Records excerpted from a collection:
● ● ● ● ● ● ●

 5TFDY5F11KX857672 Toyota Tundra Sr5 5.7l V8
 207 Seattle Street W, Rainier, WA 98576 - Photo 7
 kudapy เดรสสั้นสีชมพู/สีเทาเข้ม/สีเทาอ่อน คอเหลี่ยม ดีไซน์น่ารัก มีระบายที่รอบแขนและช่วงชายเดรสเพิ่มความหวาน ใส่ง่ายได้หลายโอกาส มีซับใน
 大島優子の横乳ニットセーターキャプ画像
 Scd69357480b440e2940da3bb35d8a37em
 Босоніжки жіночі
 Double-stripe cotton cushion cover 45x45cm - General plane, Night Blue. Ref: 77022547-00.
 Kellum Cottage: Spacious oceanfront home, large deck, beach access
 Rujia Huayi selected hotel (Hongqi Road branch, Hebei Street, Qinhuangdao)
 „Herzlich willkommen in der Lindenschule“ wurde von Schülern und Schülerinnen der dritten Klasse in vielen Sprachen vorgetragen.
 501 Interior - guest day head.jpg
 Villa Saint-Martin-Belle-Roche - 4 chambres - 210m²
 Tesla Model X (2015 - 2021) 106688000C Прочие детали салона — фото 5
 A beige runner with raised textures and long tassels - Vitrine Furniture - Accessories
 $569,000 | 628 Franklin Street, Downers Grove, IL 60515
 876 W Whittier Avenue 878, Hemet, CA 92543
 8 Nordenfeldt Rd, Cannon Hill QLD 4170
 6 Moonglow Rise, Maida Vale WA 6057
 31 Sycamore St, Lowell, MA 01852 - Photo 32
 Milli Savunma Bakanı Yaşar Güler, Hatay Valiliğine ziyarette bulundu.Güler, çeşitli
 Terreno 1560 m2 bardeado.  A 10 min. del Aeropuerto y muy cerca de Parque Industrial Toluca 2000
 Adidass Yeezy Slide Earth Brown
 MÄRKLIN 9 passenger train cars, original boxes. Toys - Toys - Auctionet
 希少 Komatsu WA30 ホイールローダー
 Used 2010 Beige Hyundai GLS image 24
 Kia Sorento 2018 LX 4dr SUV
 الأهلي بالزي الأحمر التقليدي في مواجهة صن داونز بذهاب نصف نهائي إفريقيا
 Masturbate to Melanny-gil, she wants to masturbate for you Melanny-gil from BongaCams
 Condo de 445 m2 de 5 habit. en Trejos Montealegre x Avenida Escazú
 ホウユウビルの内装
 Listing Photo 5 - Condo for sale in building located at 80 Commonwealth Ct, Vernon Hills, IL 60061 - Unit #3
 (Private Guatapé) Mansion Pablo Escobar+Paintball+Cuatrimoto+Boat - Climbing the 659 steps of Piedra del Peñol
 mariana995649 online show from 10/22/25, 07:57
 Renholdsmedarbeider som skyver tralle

● ● ● ● ● ● ●

### What the task requires
From the line containing "Kellum Cottage: Spacious" to the final line of the data, repeat each line exactly. Include both ends.

### Solution
 Kellum Cottage: Spacious oceanfront home, large deck, beach access
 Rujia Huayi selected hotel (Hongqi Road branch, Hebei Street, Qinhuangdao)
 „Herzlich willkommen in der Lindenschule“ wurde von Schülern und Schülerinnen der dritten Klasse in vielen Sprachen vorgetragen.
 501 Interior - guest day head.jpg
 Villa Saint-Martin-Belle-Roche - 4 chambres - 210m²
 Tesla Model X (2015 - 2021) 106688000C Прочие детали салона — фото 5
 A beige runner with raised textures and long tassels - Vitrine Furniture - Accessories
 $569,000 | 628 Franklin Street, Downers Grove, IL 60515
 876 W Whittier Avenue 878, Hemet, CA 92543
 8 Nordenfeldt Rd, Cannon Hill QLD 4170
 6 Moonglow Rise, Maida Vale WA 6057
 31 Sycamore St, Lowell, MA 01852 - Photo 32
 Milli Savunma Bakanı Yaşar Güler, Hatay Valiliğine ziyarette bulundu.Güler, çeşitli
 Terreno 1560 m2 bardeado.  A 10 min. del Aeropuerto y muy cerca de Parque Industrial Toluca 2000
 Adidass Yeezy Slide Earth Brown
 MÄRKLIN 9 passenger train cars, original boxes. Toys - Toys - Auctionet
 希少 Komatsu WA30 ホイールローダー
 Used 2010 Beige Hyundai GLS image 24
 Kia Sorento 2018 LX 4dr SUV
 الأهلي بالزي الأحمر التقليدي في مواجهة صن داونز بذهاب نصف نهائي إفريقيا
 Masturbate to Melanny-gil, she wants to masturbate for you Melanny-gil from BongaCams
 Condo de 445 m2 de 5 habit. en Trejos Montealegre x Avenida Escazú
 ホウユウビルの内装
 Listing Photo 5 - Condo for sale in building located at 80 Commonwealth Ct, Vernon Hills, IL 60061 - Unit #3
 (Private Guatapé) Mansion Pablo Escobar+Paintball+Cuatrimoto+Boat - Climbing the 659 steps of Piedra del Peñol
 mariana995649 online show from 10/22/25, 07:57
 Renholdsmedarbeider som skyver tralle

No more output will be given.